Image-caption web data -
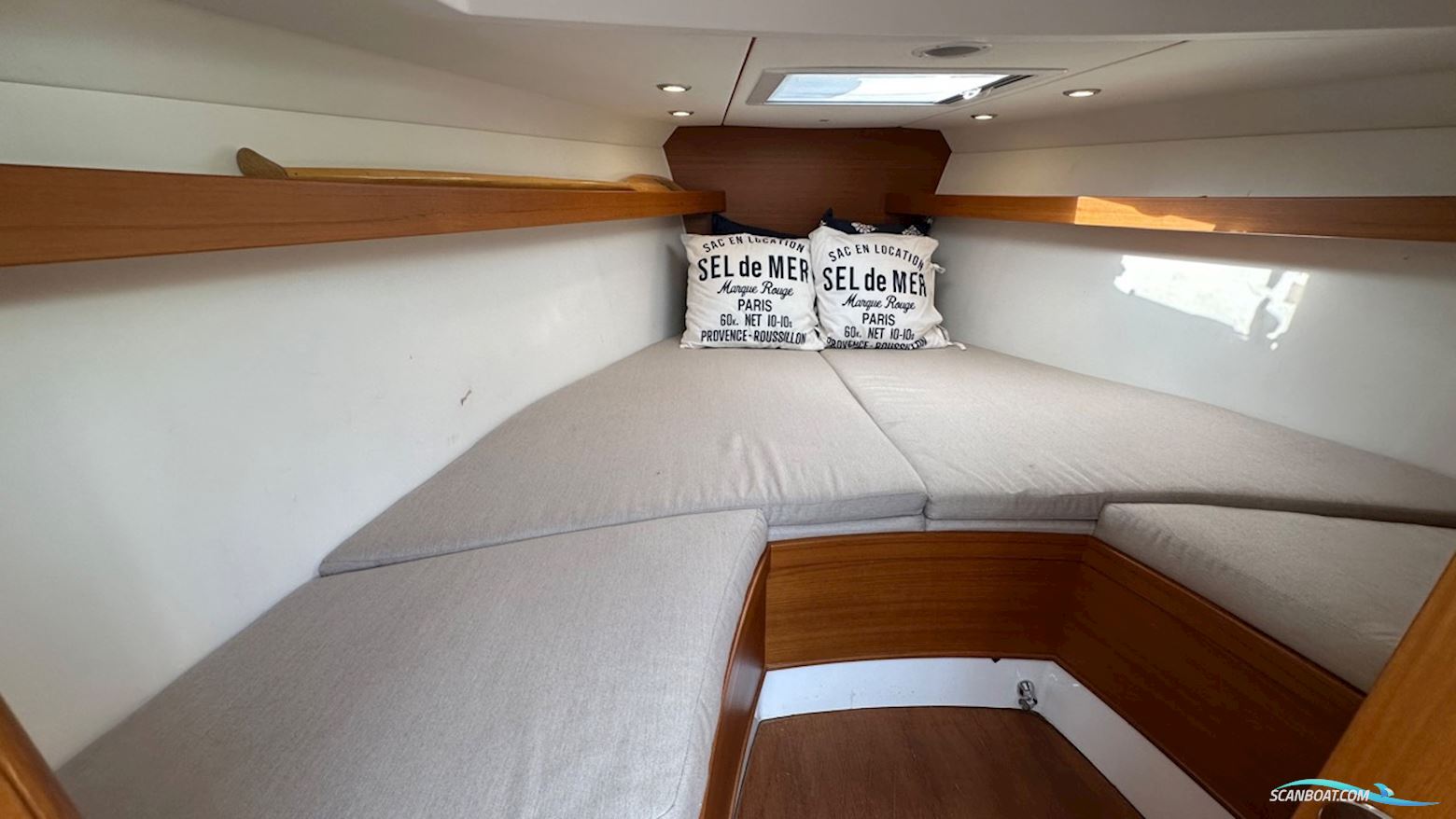 Delta 26 Open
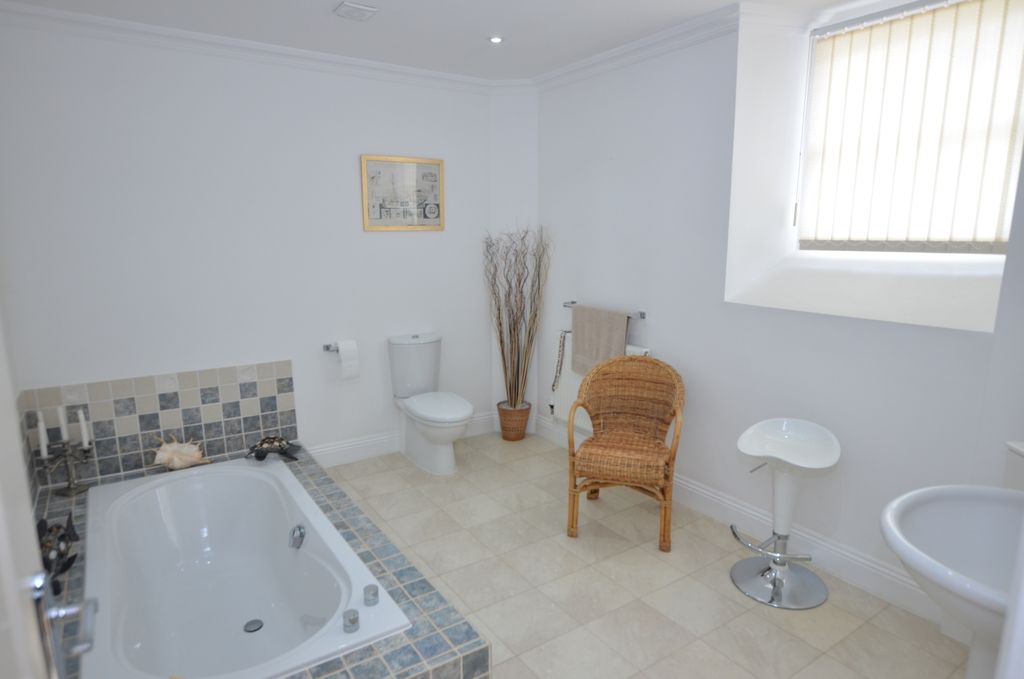 Additional image 17 of 5 bed terraced house for sale32 Tremayne House Park Drive, Bodmin PL31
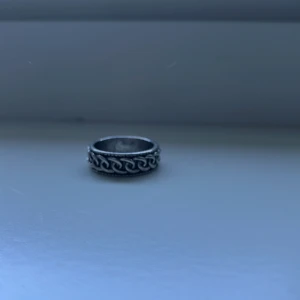 Säljer en ring som inte är rostfri men är i väldigt bra sick.  - Ringen är i bra sick och säljer för ett bra pris. Ringen är inte rostfri.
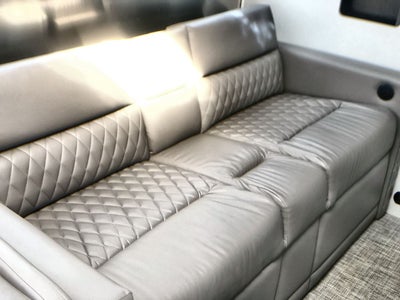 2026 Airstream 33FBT Base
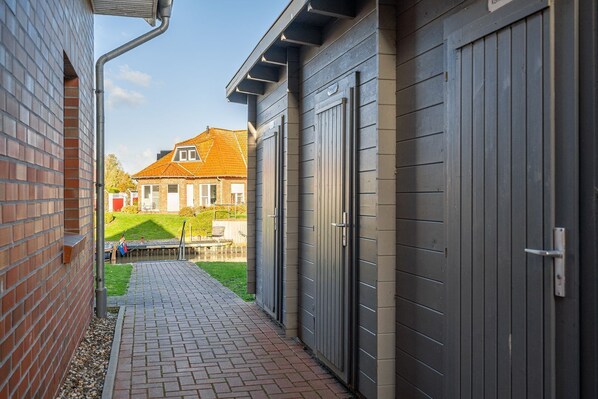 Unclassified image, 1 of 25, button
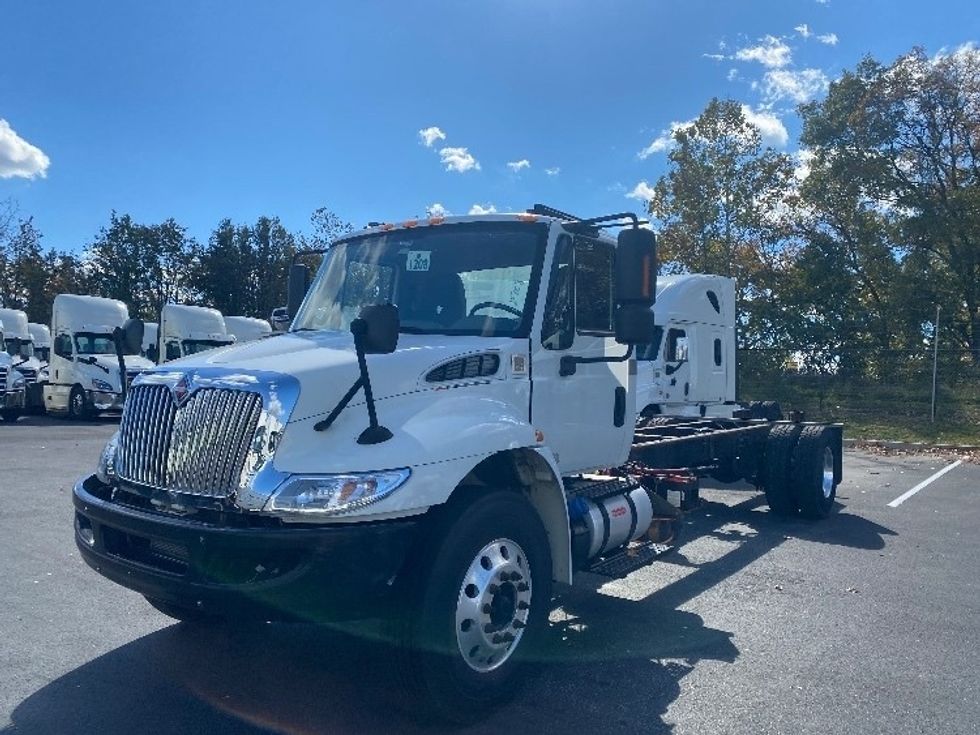2018 International 4300 DuraStar 4300 photo 3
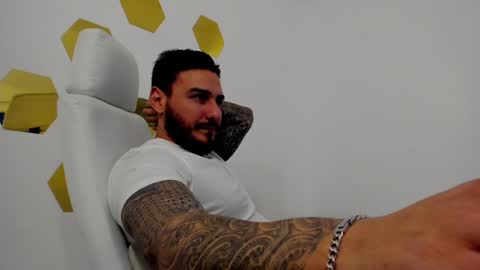 Snapshot of huntyourheart94 chatting on 01.08.25 huntyourheart94 online show from 01.08.25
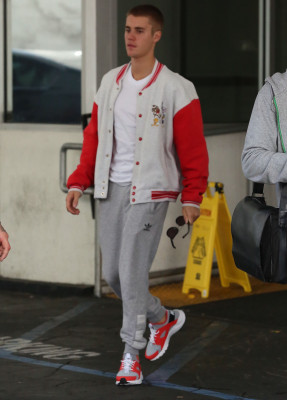 23.01 | Bieber é visto em Beverly Hills, CA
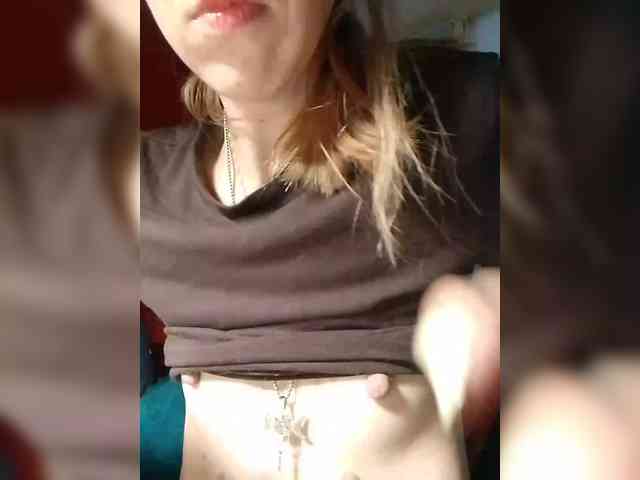 kiss_a webcam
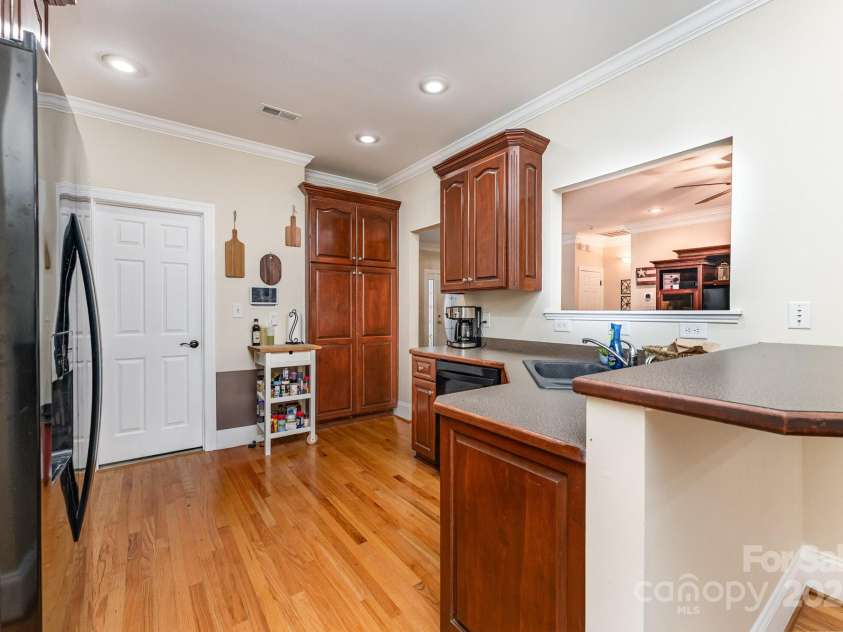 7020 Highland Way, Belmont, NC 28012.  MLS# CAR4287029, YatesRealty ID 29264. 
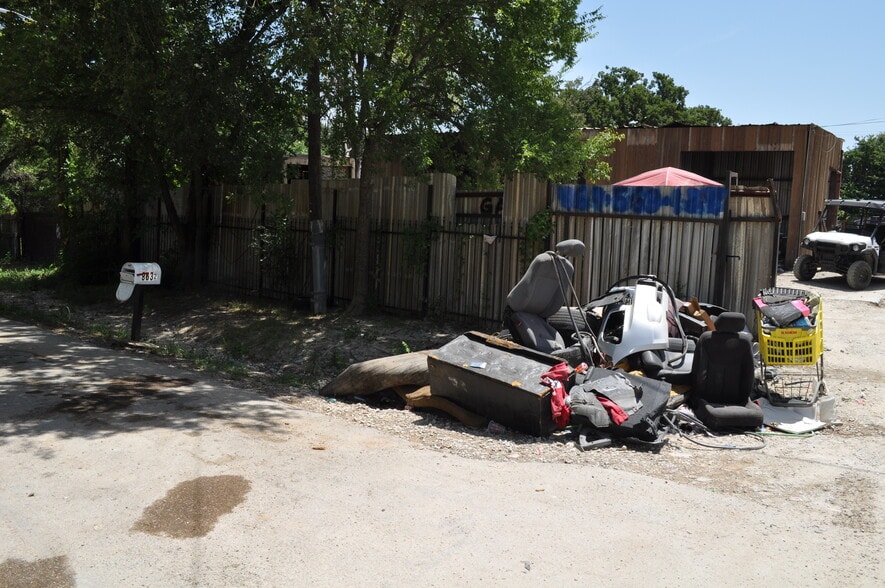 More Photos Of 8632 San Marino Ave, Dallas Warehouse For Sale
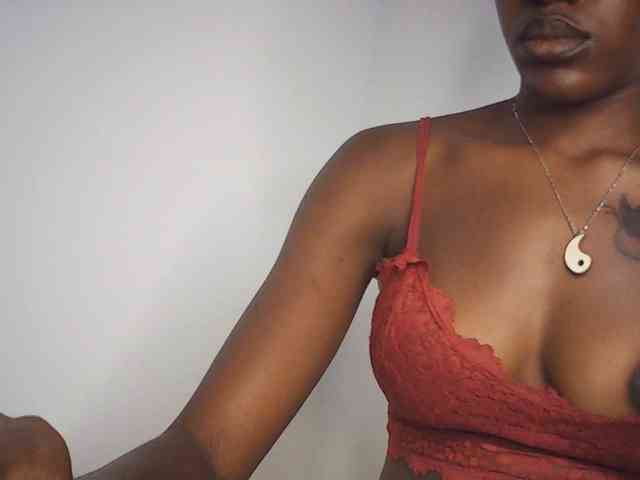 Goldenhour-diva webcam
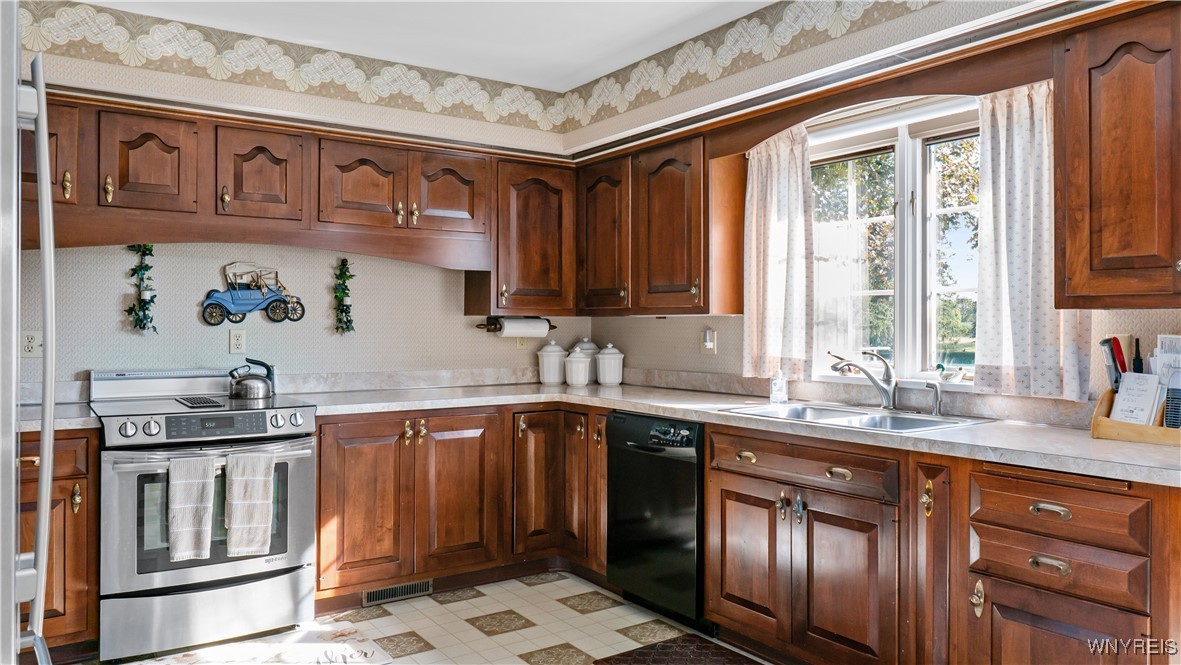 2084 Richardson Road Collins, NY 14034 - Photo 11 of 49 So much space and cabinetry is beautiful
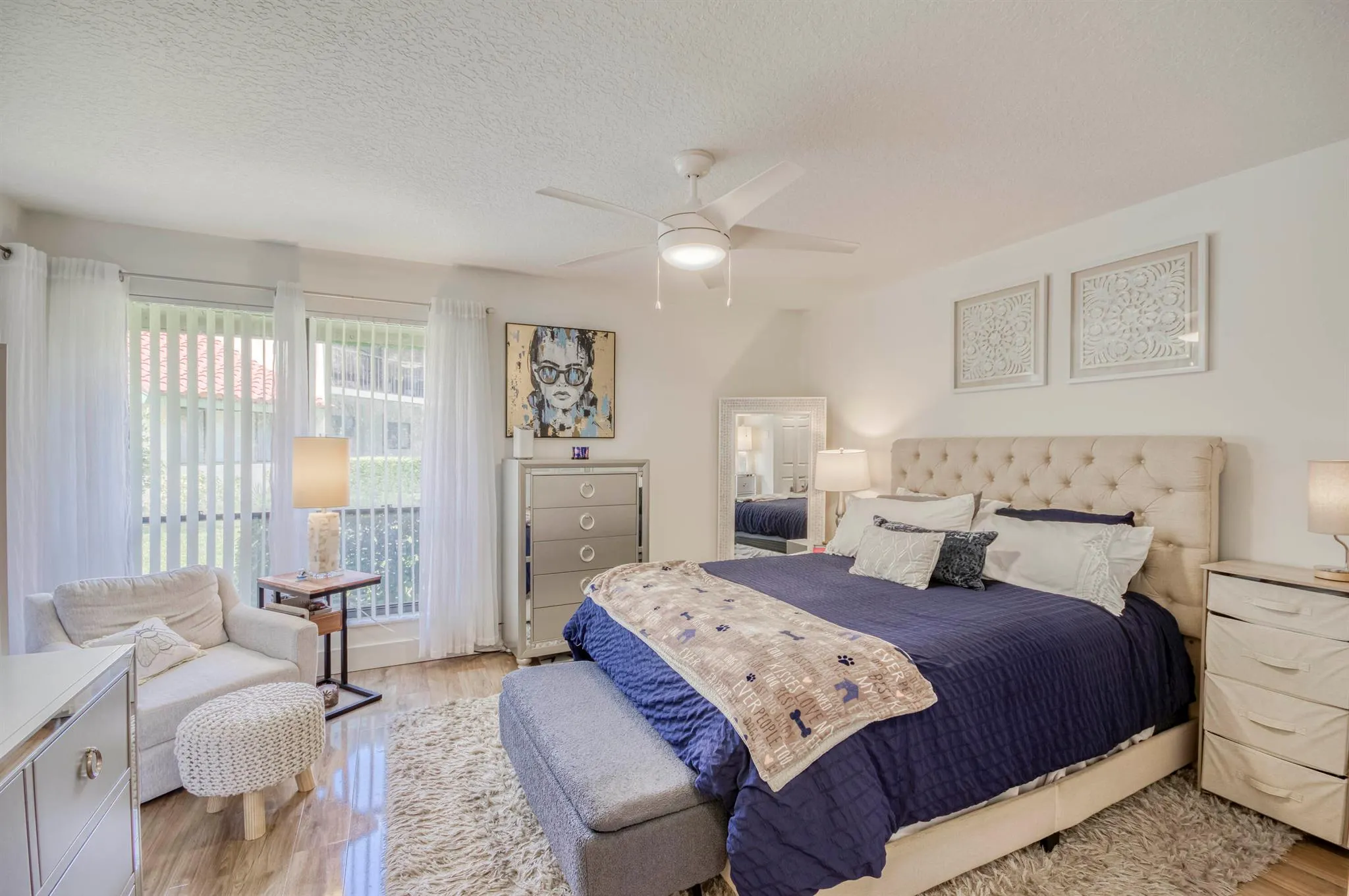 24 Lexington Lane W, #B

Work request - What is needed is an exact transcription of every entry, minus the pictures.

Result for this exercise -
 Delta 26 Open
 Additional image 17 of 5 bed terraced house for sale32 Tremayne House Park Drive, Bodmin PL31
 Säljer en ring som inte är rostfri men är i väldigt bra sick.  - Ringen är i bra sick och säljer för ett bra pris. Ringen är inte rostfri.
 2026 Airstream 33FBT Base
 Unclassified image, 1 of 25, button
2018 International 4300 DuraStar 4300 photo 3
 Snapshot of huntyourheart94 chatting on 01.08.25 huntyourheart94 online show from 01.08.25
 23.01 | Bieber é visto em Beverly Hills, CA
 kiss_a webcam
 7020 Highland Way, Belmont, NC 28012.  MLS# CAR4287029, YatesRealty ID 29264. 
 More Photos Of 8632 San Marino Ave, Dallas Warehouse For Sale
 Goldenhour-diva webcam
 2084 Richardson Road Collins, NY 14034 - Photo 11 of 49 So much space and cabinetry is beautiful
 24 Lexington Lane W, #B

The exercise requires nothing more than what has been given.